A compter du 1er janvier 2022, vous pourrez seulement faire réparer votre chaudière au fioul

Plus précisément, la mesure d’interdiction concernera les systèmes de chauffage utilisant à titre principal un combustible dont les émissions de CO2 sont supérieures au seuil de 250 gCO2eq / kWh PCI, visant non seulement les chaudières fonctionnant au fioul mais aussi celles fonctionnant au charbon. Son entrée en vigueur est prévue au 1er juillet 2021 pour les bâtiments neufs et au 1er janvier 2022 pour les bâtiments existants.

Elle concernera à la fois les bâtiments à usage d’habitation et les bâtiments à usage professionnel. Une dérogation sera prévue en cas d’impossibilité technique manifeste, par exemple si les contraintes d’encombrement ou les limites de propriété du bâtiment empêchent l’installation d’un système alternatif ou lorsque les réseaux existants (chauffage urbain, gaz ou électricité) ne permettent pas d’accueillir un autre type de chauffage.

Par ailleurs, il restera possible d’entretenir et de réparer une chaudière au fioul existante, l’interdiction ne visant que l’installation de chaudières fioul neuves.

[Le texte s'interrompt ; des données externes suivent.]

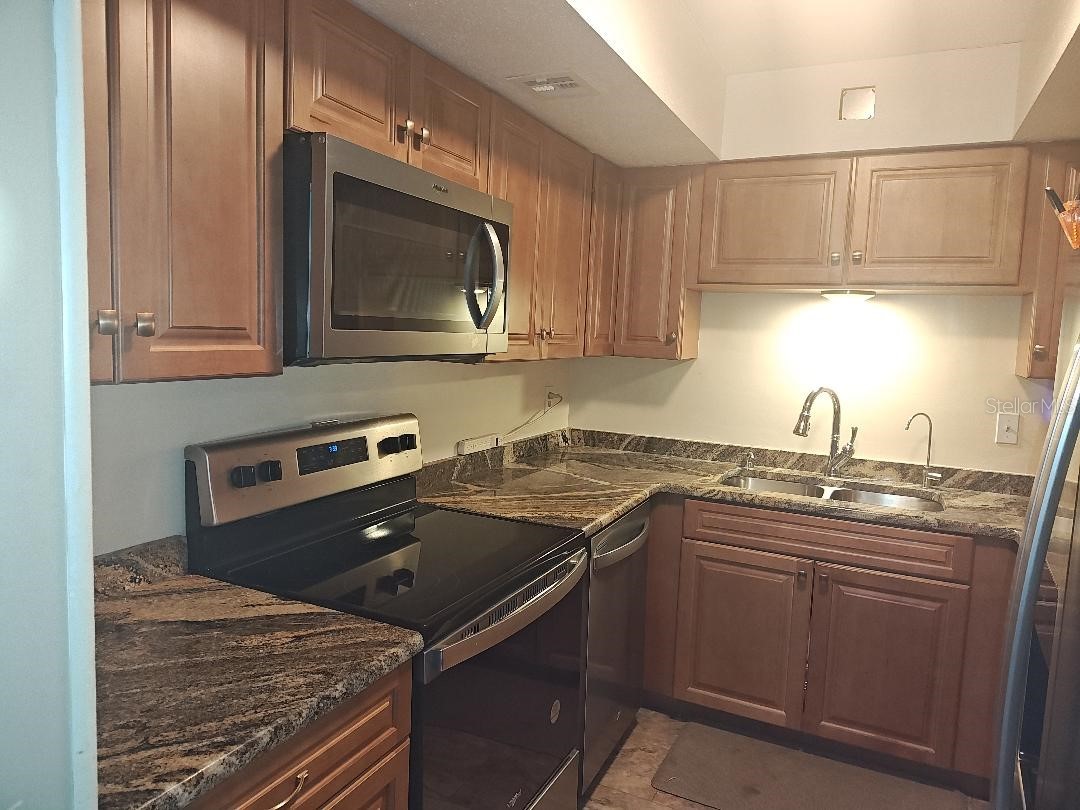 21320 Brinson Avenue #105 Port Charlotte FL 33952 C7527861 image15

Priorité aux pompes à chaleur  et aux chaudières biomasse à granulés

« En parallèle de cette mesure, le Gouvernement continuera à communiquer sur les alternatives au chauffage au fioul et sur les aides financières importantes mises en place ces dernières années pour inciter les propriétaires à remplacer les chaudières fioul et ne laisser personne sans solution », précisent  dans un communiqué Barbara Pompili, ministre de la Transition écologique et Emmanuelle Wargon, ministre déléguée auprès de la Ministre de la transition écologique, chargée du Logement.

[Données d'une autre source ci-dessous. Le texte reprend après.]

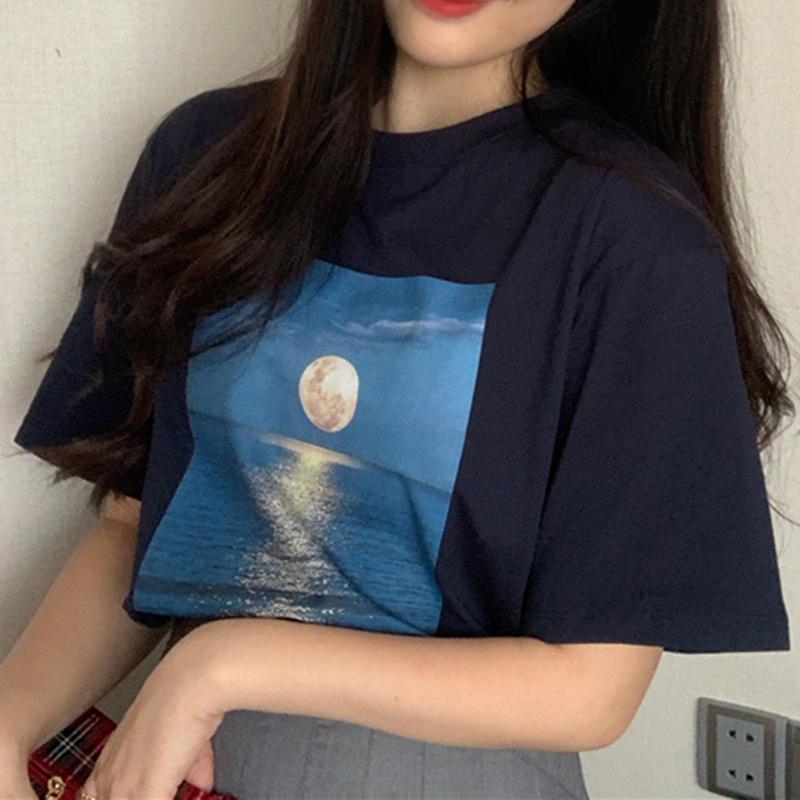 Hirsionsan Loose O-neck Casual Tees Female Retro Oil Painting Print T-shirt Women Fashion Summer Short Sleeve Simple Student Tops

En remplacement du fioul, des solutions existent, plus écologiques et souvent moins coûteuses à l’usage, même en cas d’impossibilité de raccordement à un réseau de chaleur ou au gaz, notamment les pompes à chaleur (classiques, géothermiques ou même hybrides qui fonctionnent avec un appoint de fioul ou de gaz en cas de grand froid) ou encore les chaudières biomasse à granulés.

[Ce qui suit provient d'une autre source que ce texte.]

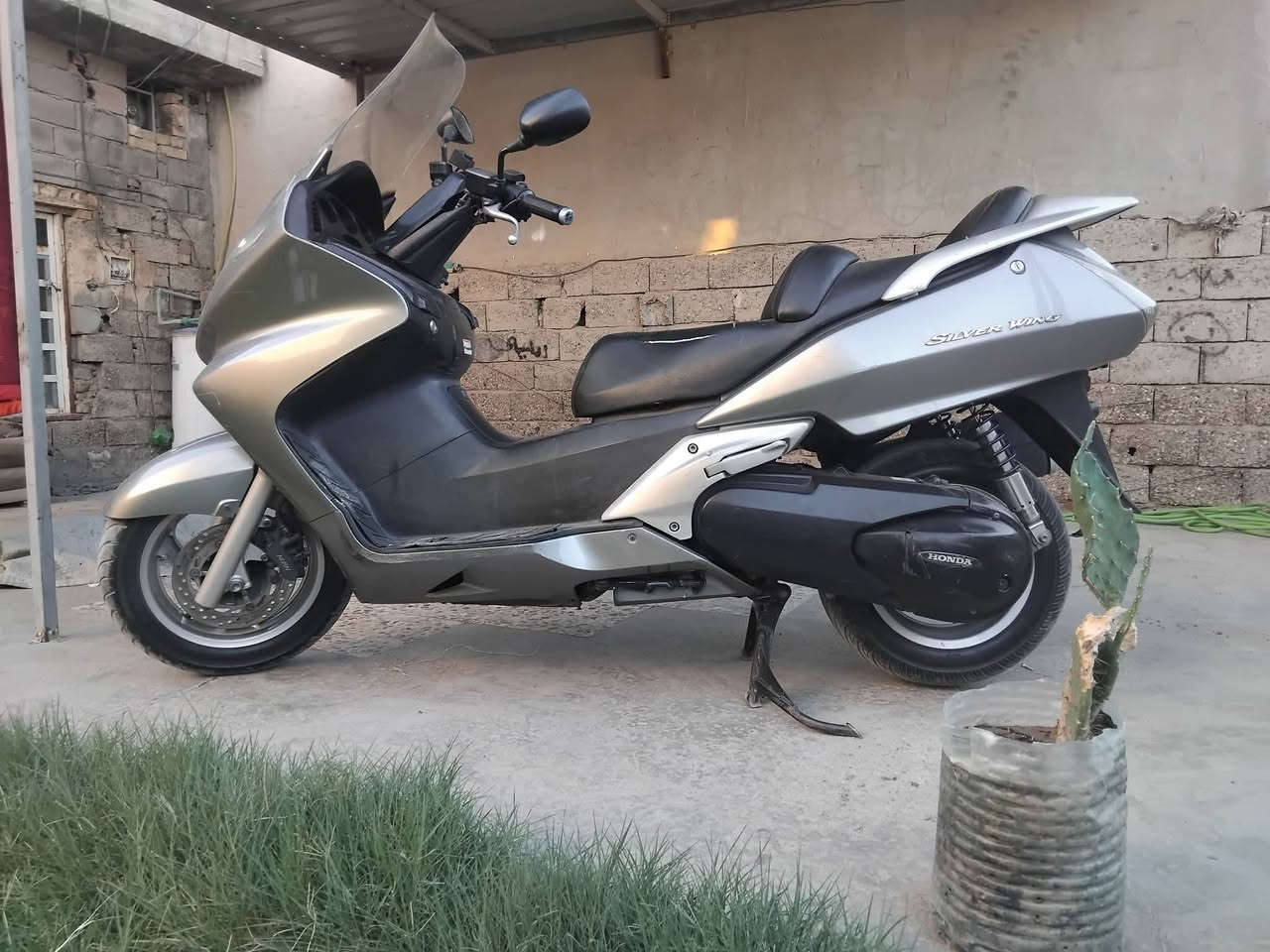 سلام عليكم حبايب سلفر ونج لبيع المحرك 400 وفر دراجه ما مفتوحه مكفولهسعر 16وبيه مال  حماوه 3 بلاديه رقم***********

Pour l’installation des différents équipements en remplacement d’une vieille chaudière au fioul, les propriétaires (particuliers et professionnels) peuvent bénéficier d’aides importantes, du « Coup de pouce chauffage » des certificats d’économies d’énergie (logements et bâtiments tertiaires), mais aussi, pour les particuliers, de MaPrimeRénov’. Par exemple, pour un ménage modeste, l’aide pour l’installation d’une pompe à chaleur coûtant de 12 000€ peut atteindre plus de 8 000€, rendant le coût d’acquisition inférieur à celui d’une chaudière fioul neuve.